Nairobi/Abuja_(dpa) _ Nigeria's oil-producing Niger Delta has enjoyed a rare period of peace at the tail end of 2009 as a government amnesty for oil militants bears fruit.

Oil production in the West African nation is rising again after three years of decline - which allowed Angola to surpass it as Africa's top oil exporter - and there is growing optimism that the seemingly unsolvable conflict may be at an end.

But one swallow does not make a spring, and much remains to be done to address the grievances of the region's main militant group, the Movement for the Emancipation of the Niger Delta (MEND), which is still suspicious of the government.

MEND said it was fighting for a share of oil revenue for Niger Delta residents, who complain that multinational oil companies have ruined their agriculture and fishing livelihoods and caused major environmental damage in the delta's creeks.

Attacks on oil production facilities by MEND and the syphoning off of oil by criminal gangs slashed the West African nation's oil production from 2.6 million barrels per day in early 2006 to around 1.7 million barrels prior to the amnesty.

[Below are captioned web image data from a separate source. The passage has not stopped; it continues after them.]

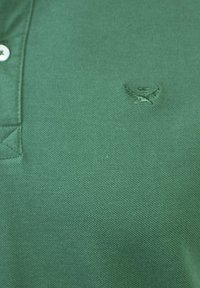 Camisa polo verde con un tejido de algodón texturizado, dos botones y un logotipo bordado en la parte superior izquierda. Diseño de cuello clásico.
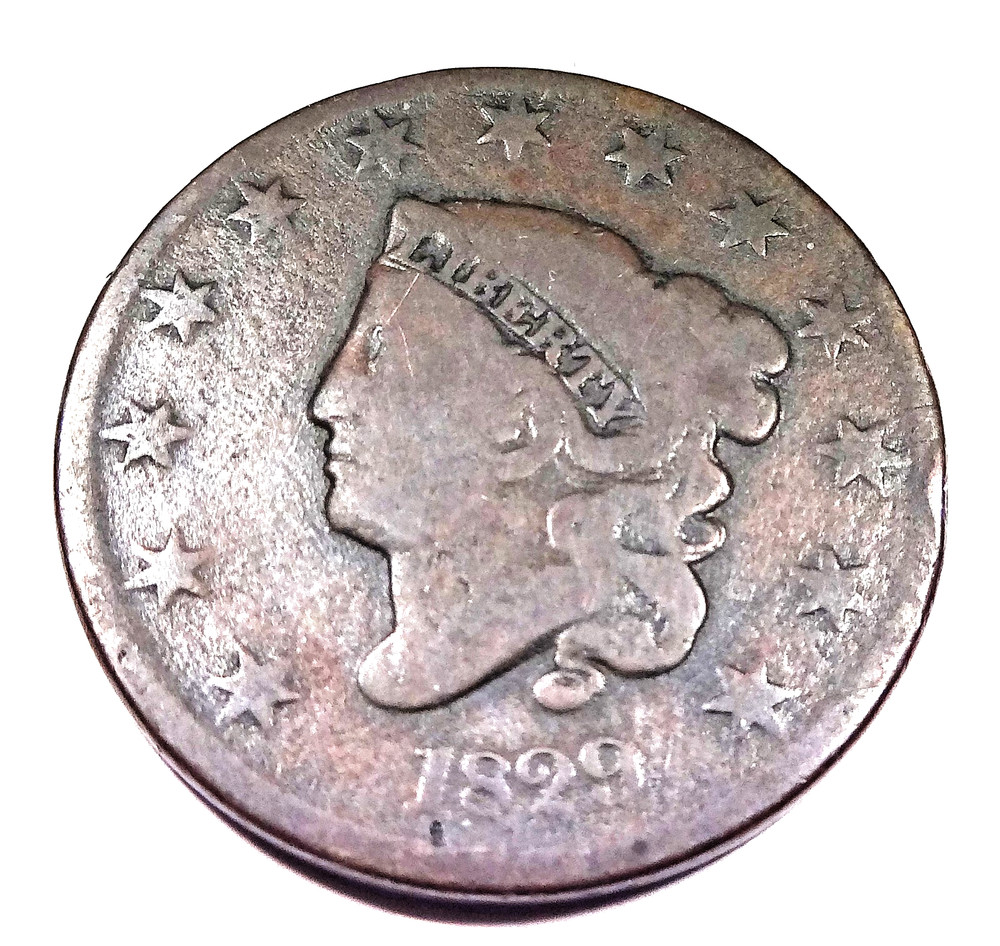 1829 Coronet Head Large Cent - Medium Letters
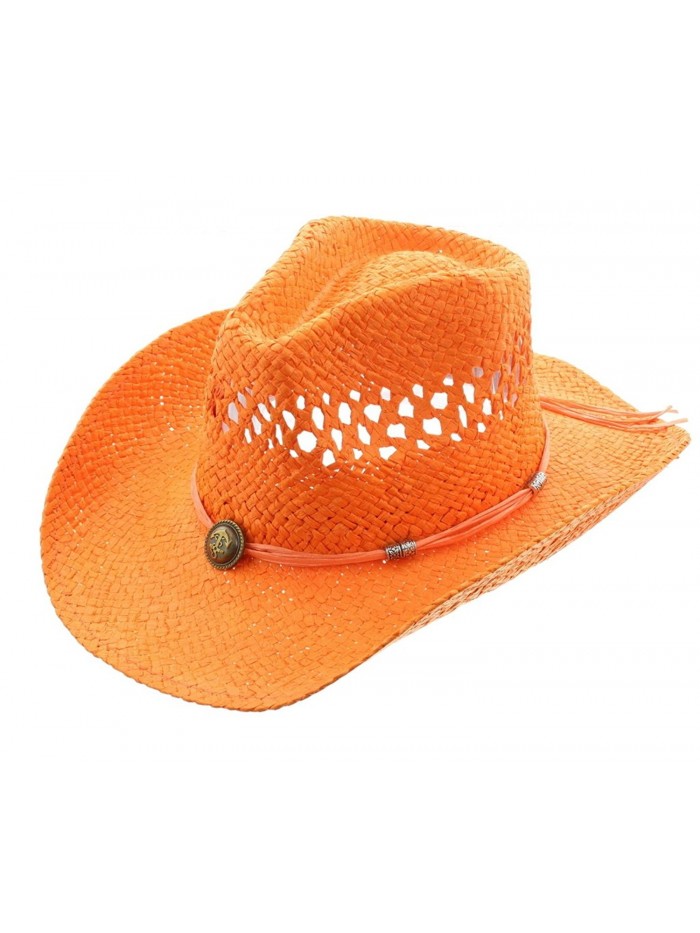Anchor Cowboy Hat-Orange - Orange - C111WPF7V4N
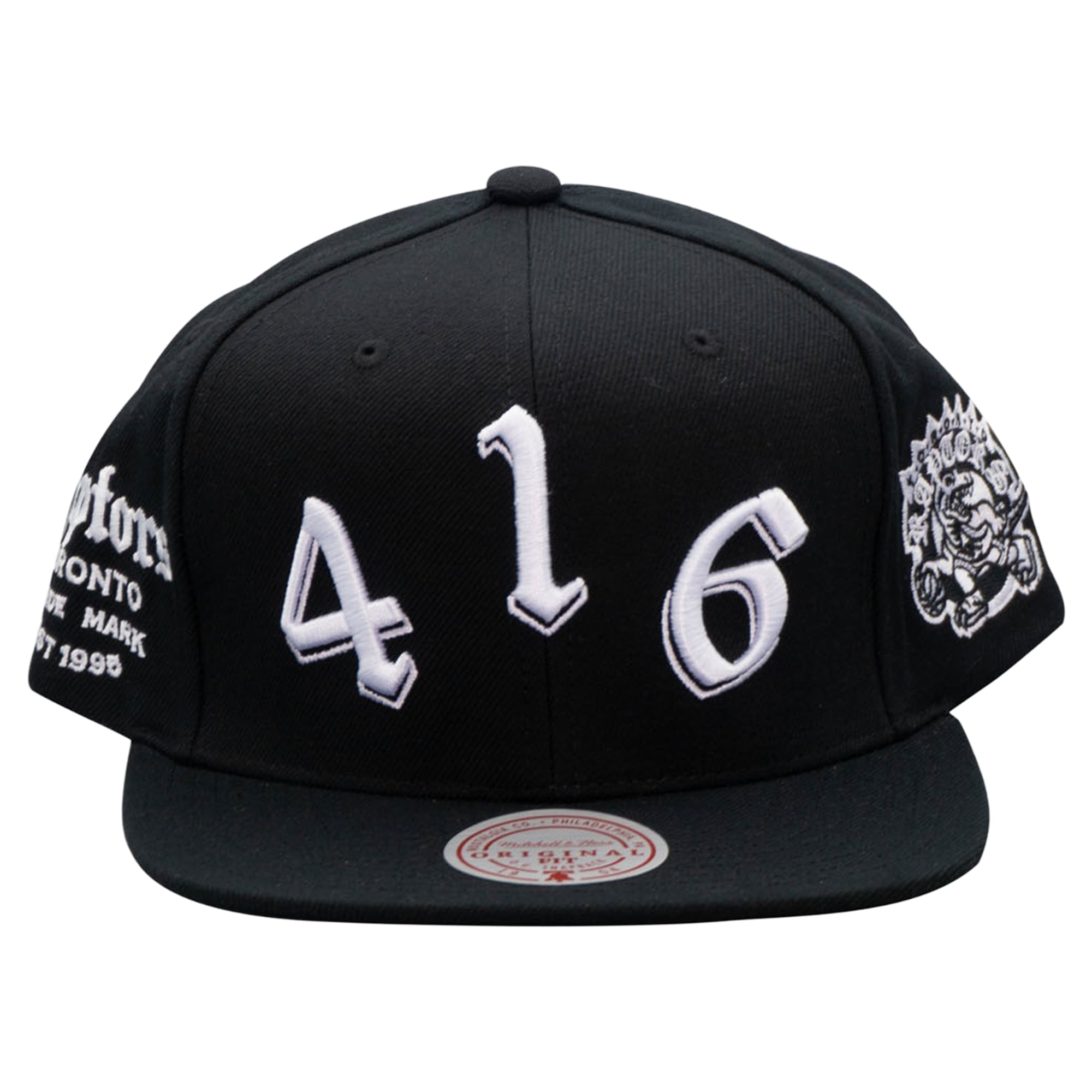 Men's Mitchell & Ness Black Toronto Raptors Hello Darkness Area Code Snapback Hat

However, MEND in late October responded to the amnesty with an indefinite ceasefire and Henry Okah - believed by many to be the leader of MEND, although he claims only to be a "concerned citizen with the ear of the militants" - believes peace should be given a chance.

"I think everyone should give as much time and energy to finding peace as was given to the fight against the Nigerian military and the oil companies," Okah, who was released from jail earlier this year as part of the amnesty, told the German Press Agency dpa.

"However, the government will act wisely in acting speedily to address the cause of agitation in the delta."

Many of MEND's commanders and troops took advantage of the amnesty, announced in June by President Umaru Yar'Adua, to lay down their arms in return for training and the promise of future employment.

The government claimed 15,000 fighters signed up for the training programmes, which have yet to start in earnest.

However, analysts believe that thousands of fighters have remained in the creek and have kept most of their weapons in case they need to return to battle.

"That number has to be taken with pinch of salt," Nnamdi Obasi, a senior analyst with the International Crisis Group, told dpa. "It is not exactly clear how many are ex-militants, how many are criminals trying to escape justice and how many are unemployed people looking for training and a job."

Regardless of the doubts, there are already clear results in terms of oil production, which in November was back up to 1.85 million barrels per day and is expected to reach 2 million in January.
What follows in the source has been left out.